Interesting, that's another route I'm considering: use flatbuffers for
the light-weight framing and for the keep a use a custom encoding for
the more spacious structures.

> > I wonder what would happen if I use filesystems with transparent
> > compression, such as ZFS. While it wouldn't bring down the virtual memory
> > size, it may have a drastic effect on storage, plus some extra cost
> > incurred by the FS transparently decompression blocks.
> >
>
> I think this could be practical approach, but it depends on how well you
> can exploit locality of reference to avoid cost of excessive decomression,
> and the choice of compression. It could use a lot of RAM.

What do you have in mind when you say "it could use a lot of RAM"?
Because the OS keeps the decompressed blocks for the accessed pages in
an opaque cache?

> Another option, if you have vectors of data, is to use the Arrow formats
> Union type which may or may not be supported on the on disk Feather format.
> It uses flatbuffers for metadata only.

If I understand it correctly, Arrow makes most sense in a columnar
format. The example schema I attached is just one of many files. While
each one individually makes sense to represent in columnar fashion, what
happens in reality is an interleaved stream of various entries, each of
which with a different type. Each record/row has a unique ID, which a
secondary index spits out during access. The access pattern is random
and lookups are highly selective. Therefore, I was thinking that a
(row-order) flatbuffers format would be a good fit, because it provides
random-access and I/O costs would be proportional to the query
selectivity (assuming memory-mapping).

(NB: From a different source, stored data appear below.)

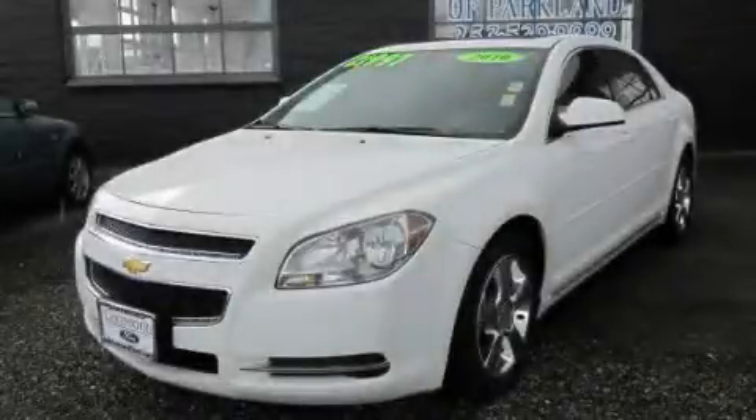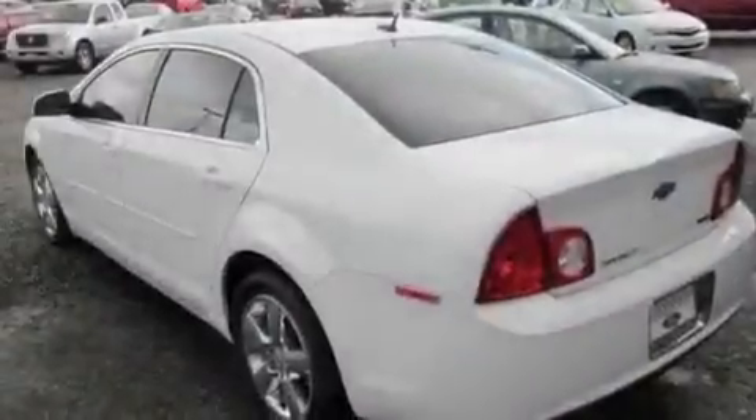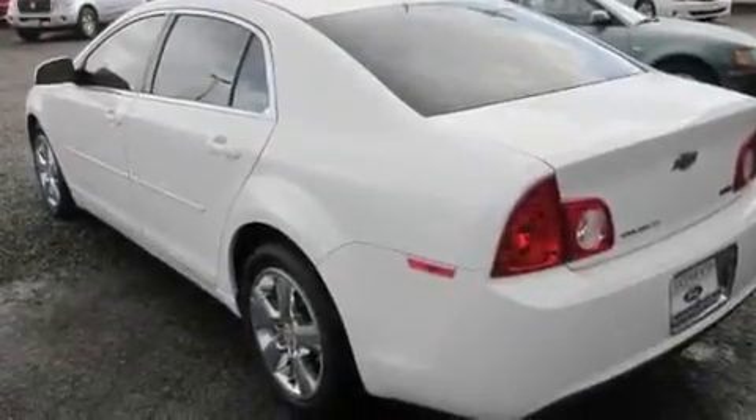This is a 2010 Chevrolet Malibu. It features a 2.4-liter four-cylinder engine and an automatic transmission.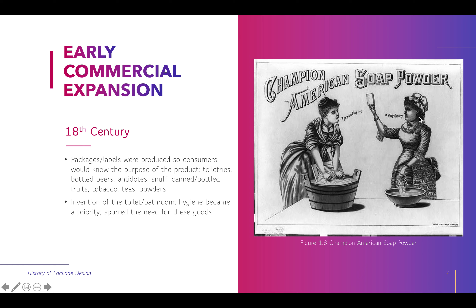To your right here you will see Champion American soap powder — for washing clothes — along with a little advertisement. Women who were at home and responsible for laundry at that time are advertising to each other. That is a historic, old illustrated advertisement.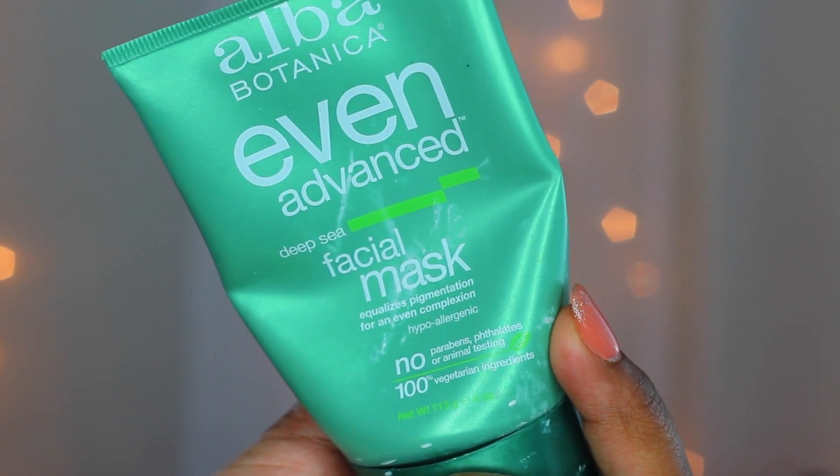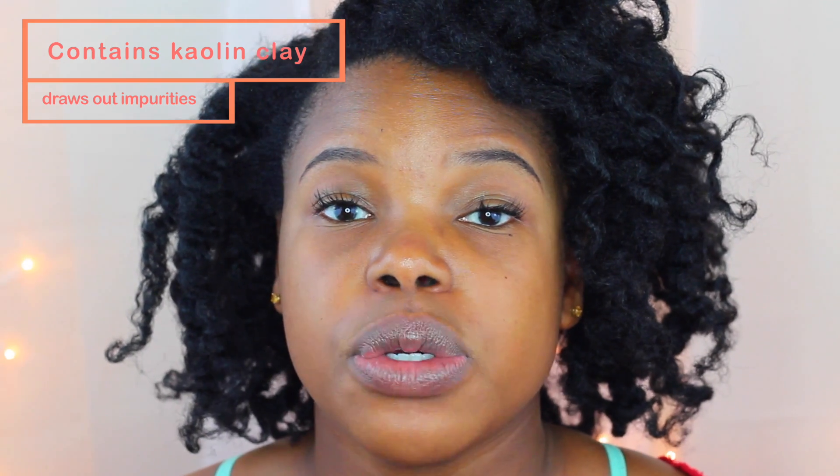Next, I've got the Alba Botanics Deep Sea Facial Mask. I've been a ride-or-die of this line for a long time. This is a kaolin clay mask designed to even your skin tone, draw out impurities, and firm your skin, and it has never broken me out. I love to use this around that time of the month. I apply it to spot areas on my forehead where I tend to break out. If you have really bad skin you can use it every other day, but I use it about once a week or whenever my skin is just not looking on point.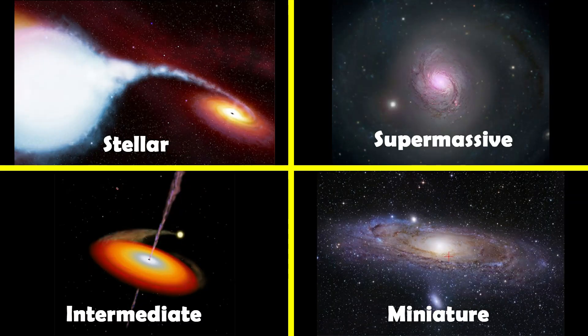There are four types of black holes: stellar, supermassive, intermediate, and miniature.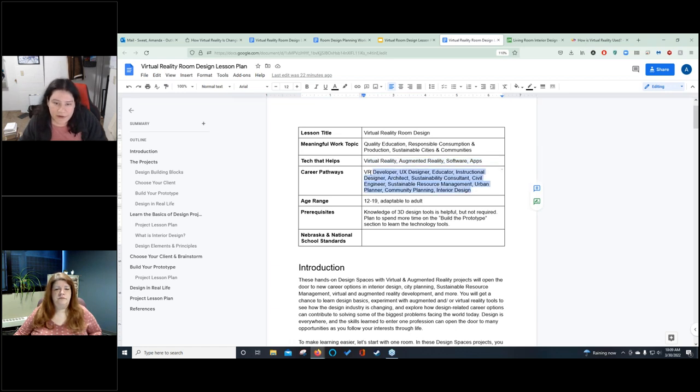For those more interested in career pathways, the specific focus for this lesson plan is interior design, but it can also translate over into city planner, civil engineer, urban planner, community planning — anything where you have to use an element of design to put a space together. That can include virtual-only environments, like people specifically designing for virtual reality such as gaming or training environments.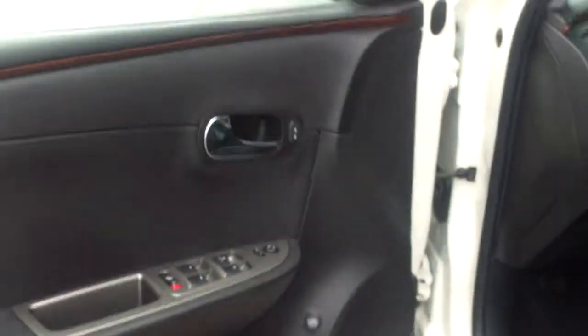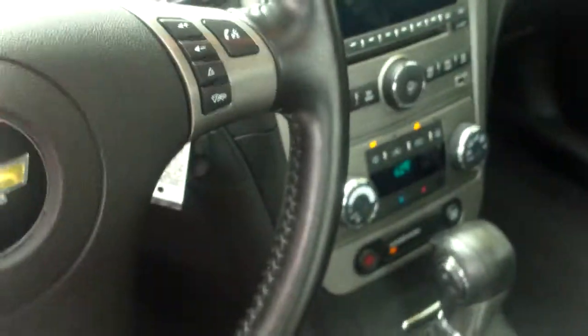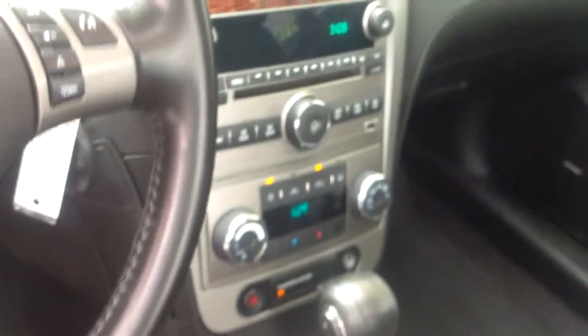Going into the front seat, you'll notice that it does have power locks, power windows, power mirrors, power seating, and heated seats like I said. Cruise control controls right on the steering wheel as well as hands-free calling, volume buttons, and voice command. The radio does have USB and auxiliary inputs as well as a CD player, AM/FM radio, and traction control. A lot of nice features on this vehicle.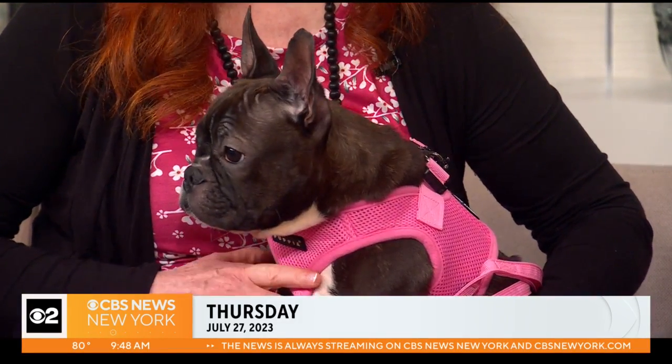Welcome back to CBS 2 News at 9 a.m. Time for this week's Furry Friend Finder, when we help a four-legged friend find a forever home. Sandra DeFeo, the executive director at the Humane Society of New York, joins us this morning, and we have Isabella.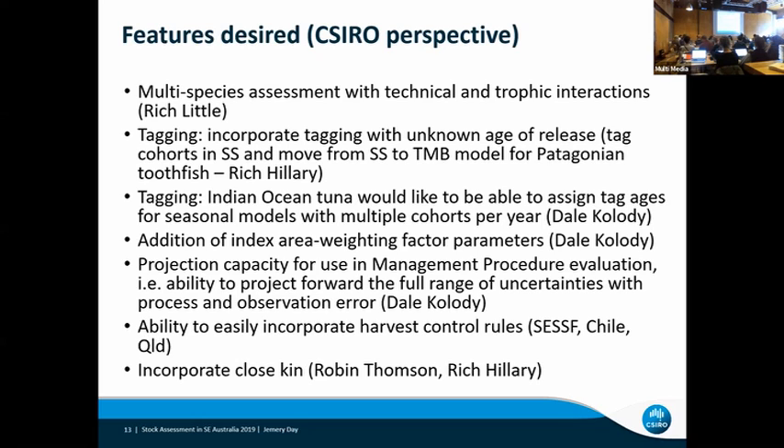Were you using Stock Synthesis as the assessment that drives the harvest control rule, or as the basis for the operating model in an MSE, or both? We're doing both. In the SESF, we've got an MSE written to test our harvest control rules. Running that MSE gave management confidence that we could use Stock Synthesis and those harvest control rules to manage the fishery. But for the actual assessments, we use Stock Synthesis with the harvest control rule built in to give us our RBCs. Certainly in the SESF, we use it for producing RBCs.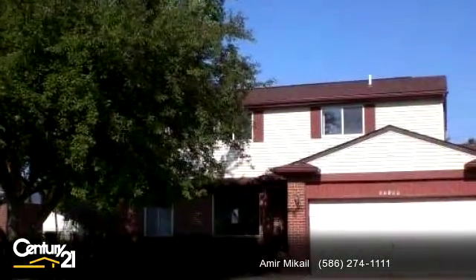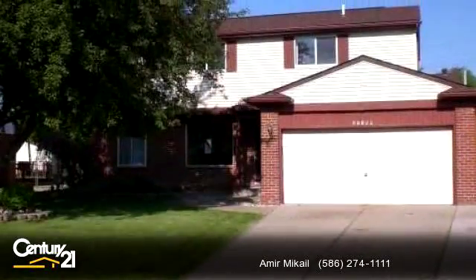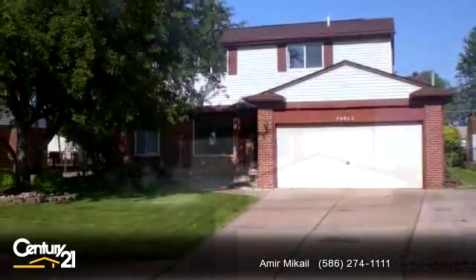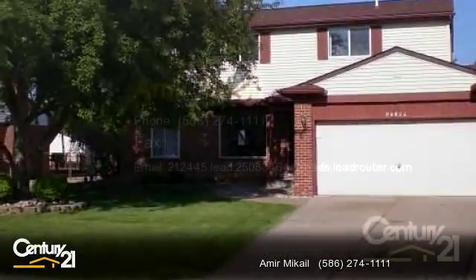To arrange a time to stop by and view this listing, or if you would like more information, please contact 586-274-1111. That's 586-274-1111. Thank you for your interest in this listing.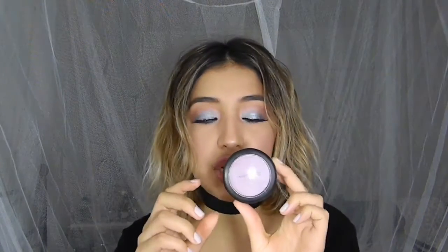I also came across this MAC blush called Full of Joy. It's this beautiful lavender pink, and I've been using it all over my eye and on my cheeks so much. I'm obsessed with this color right now for my face. I actually have this blush on right now — I don't know if you can really tell — but this is my favorite blush and my favorite eyeshadow right now.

While it would be possible to
maintain an Arrow struct for every type and then create a sparse
columnar representation, I would imagine it wouldn't yield the I/O
benefits. That said, I haven't measure it.

Switching to Arrow on the data plane is on my medium term agenda when
actual analytics on the data becomes of interest. Right now, my primary
use case is plain search and I'm trying to minimize the I/O cost through
through random-access and memory. Hence the idea to go with flatbuffers.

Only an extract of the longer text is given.